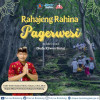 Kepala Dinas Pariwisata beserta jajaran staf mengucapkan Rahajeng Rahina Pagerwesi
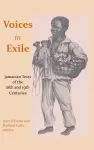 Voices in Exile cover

--

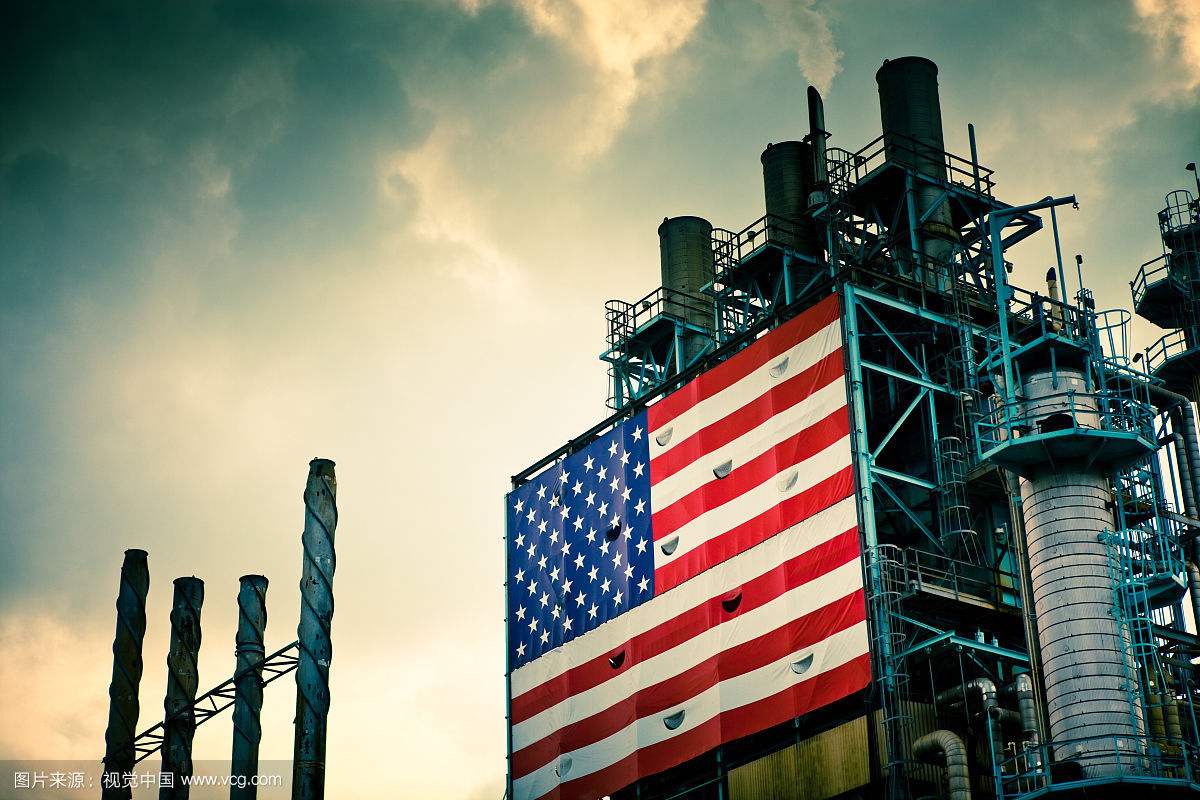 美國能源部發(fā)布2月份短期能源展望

==

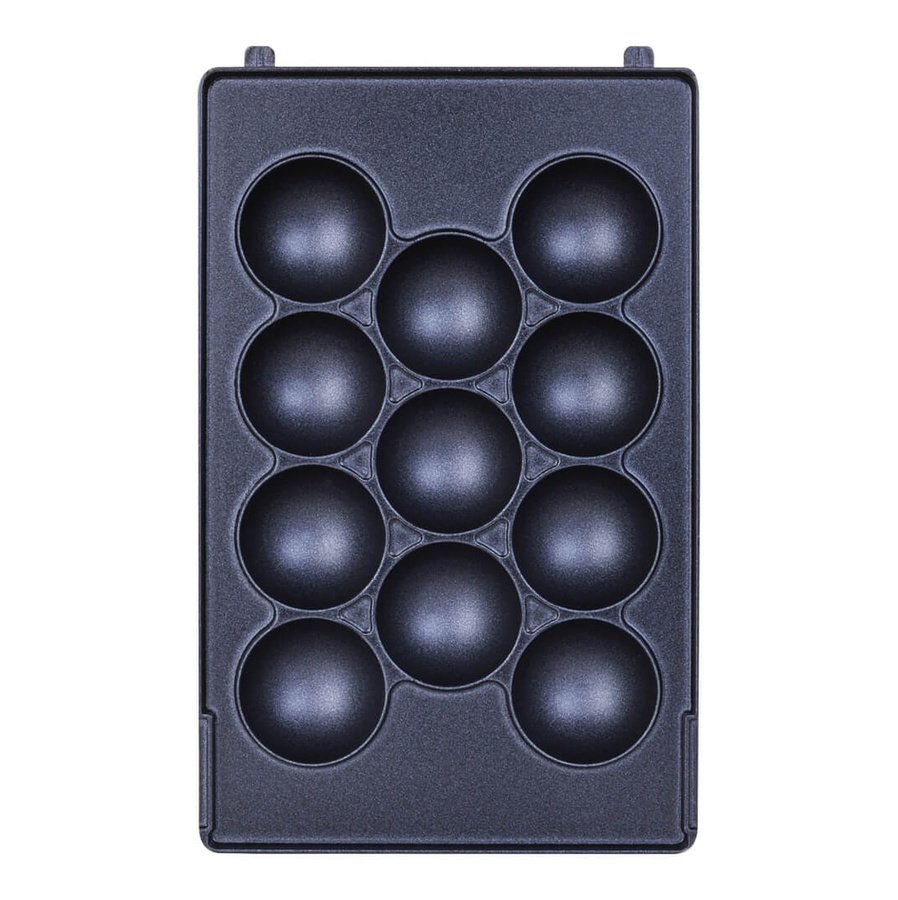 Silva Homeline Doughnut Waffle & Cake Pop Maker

About this task: Give again the lines of the listing above that run from the one with "Kepala Dinas Pariwisata" up to and including the one with "Voices in Exile cover". Keep them exact and omit the pictures.

Answer to this task:
 Kepala Dinas Pariwisata beserta jajaran staf mengucapkan Rahajeng Rahina Pagerwesi
 Voices in Exile cover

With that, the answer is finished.